Шибко бьют иногда собак, шибко. И самых добрых и нужных бьют -- ездовых
и охотничьих. Комнатных шавок бить не за что, они сахар едят, лапу дают,
гавкают, и все. В тайге жизнь серьезна, тут лапой не отделаешься, работать
надо и знать, когда гавкнуть, а когда и промолчать.
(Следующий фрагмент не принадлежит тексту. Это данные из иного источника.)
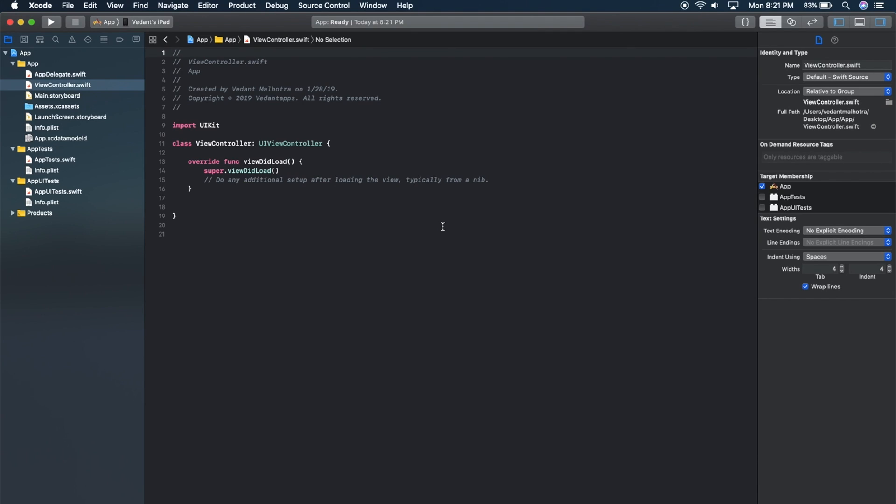Hey, what's up guys? Vedant Apps here. In this video, I'll show you how you can add a WatchKit app to your already existing app.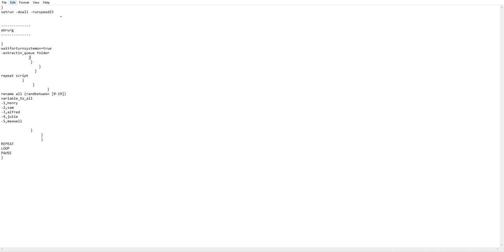Alright, now if we save this as angry man dot bat and then select all files, there you go. That's how you code.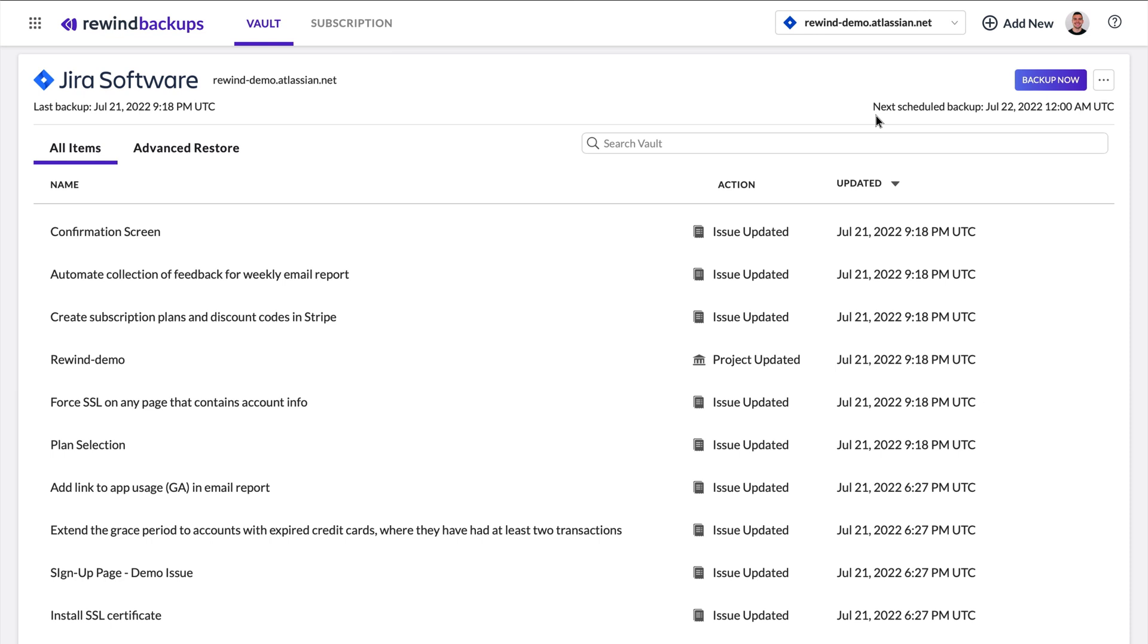In this section, we'll look at how Jira backups work. Rewind backups for Jira is a set-it-and-forget-it type of tool. Your daily backups are initiated automatically at 12 p.m. Pacific time. You can also trigger an additional backup anytime by clicking the Backup Now button.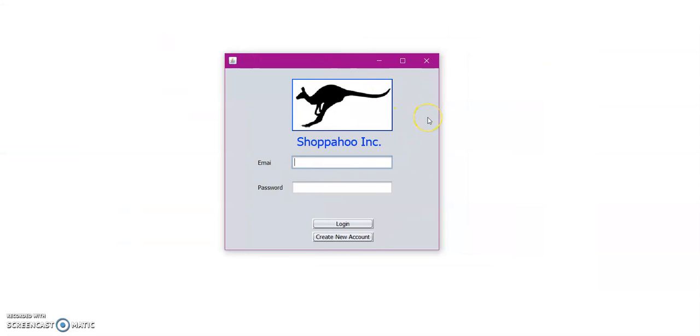So that is the conclusion of our Shopahoo Incorporated tutorial. Thank you for shopping with us and I will see you later. Thank you.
-- Ниче, Розка, ниче! -- успокаивал собаку Аким. -- Ищи давай, ищи! --
С детьми и собаками Аким умел ладить, они его любили -- верный признак души
открытой и незлой.
В речке Эндэ, выбивая мальков, хлестался ленок, завязав узел на воде,
уходили с отмелей таймени, хариус прощупывал плывущие листья и осенний хлам,
лениво снимая личинок, пуская осторожно кружки. Ожиревшая, непуганая рыба от
лодки отваливала неторопливо, выстраивалась возле струи, в бой воды, в
водовороты не лезла. Скоро покатится хариус в низовья, следом уйдет таймень,
ленок, и речка опустеет. Хорошо бы на ямах чего осталось, хоть мелочь, налим
пошел бы на икромет -- зимой питанье себе и собаке, а накроха -- всем
заботам забота.
Зимовье темнело продавленной крышей за прибрежным веретьем, в сером
оголившемся ольшанике. Сразу за избушкой мшел каменный бычок-плакун,
выдавливая из-под себя иль из себя талец, путь которого и жизнь которого на
свету была совсем коротенькой. Редко ставят охотники зимовье в таком сыром,
заглушистом месте, но на сезон-два, видать, и рубили избушку, и охотник
ленив был: чтоб вода, дрова, промысел -- все рядом, на остальное плевать.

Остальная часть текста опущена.